John Brown at Harper’s Ferry

Prominent among the armed supporters of free state ideas in Kansas was Captain John Brown, a man whose watchword was at all times action. “Talk,” he said, “is a national institution; but it does no good for the slave.” He believed that slavery could only be coped with by armed force. His theory was that the way to make free men of slaves was for the slaves themselves to resist any attempt to coerce them by their masters. He was undoubtedly a fanatic in that he did not stop to measure probabilities or to take account of the written law. His attempt at Harper’s Ferry was without reasonable hope, and as the intended beginning of a great military movement was a ridiculous fiasco. To attempt to make war upon the United States with twenty men was utter madness, and if the hoped for rising of the slaves had taken place might have yielded horrible results. The execution of John Brown, that followed, was the logical consequence of his hopeless effort.

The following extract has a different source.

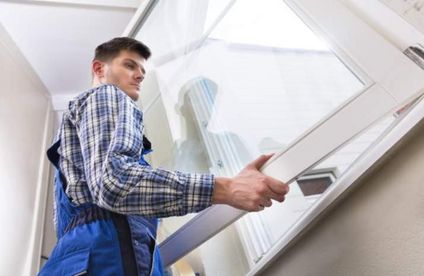 Fenster einsetzen Mann setzt Fenster ein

But there was that about the man which none could call ridiculous. Rash and unreasoning as his action seemed, he was still, even by his enemies, recognized as a man of unswerving conscience, of high ideals, of deep belief in the brotherhood of mankind. His offense against law and peace was cheerfully paid fur by his death and that of others near and dear to him. Almost no one at that day could be found to applaud his plot, but the incident had an effect on the minds of the people altogether out of proportion to its intrinsic character. More and more as time went on he became recognized as a martyr in the cause of human liberty.

Slaves “Contraband of War”

Events of vast importance to the future of the negro in America now hurried fast upon each other’s footsteps: the final settlement of the Kansas dispute by its becoming a free state; the formation and rapid growth of the Republican party; the division of the Democratic party into northern and southern factions; the election of Abraham Lincoln; the secession of South Carolina, and, finally, the greatest civil war the world has known. Though that war would never have been waged were it not for the negro, and though his fate was inevitably involved in its result, it must be remembered that it was not undertaken on his account. Before the struggle began Mr. Lincoln said: “If there be those who would not save the Union unless they could at the same time save slavery, I do not agree with them. If there be those who would not save the Union unless they could at the same time destroy slavery, I do not agree with them. My paramount object is to save the Union, and not either to destroy or to save slavery.” And the northern press emphasized over and over again the fact that this was “a white man’s war.” But the logic of events is inexorable. It seems amazing now that Union generals should have been puzzled as to the question whether they ought in duty to return runaway slaves to their masters. General Butler settled the controversy by one happy phrase when he called the fugitives “contraband of war.” Soon it was deemed right to use these contrabands, to employ the new-coined word, as the South was using the negroes still in bondage, to aid in the non-fighting work of the army—on fortification, team-driving, cooking, and so on. From this it was but a step, though a step not taken without much perturbation, to employ them as soldiers. At Vicksburg, at Fort Pillow, and in many another battle, the negro showed beyond dispute that he could fight for his liberty. No fiercer or braver charge was made in the war than that upon the parapet of Fort Wagner by Colonel Shaw’s gallant colored regiment, the Massachusetts Fifty-fourth.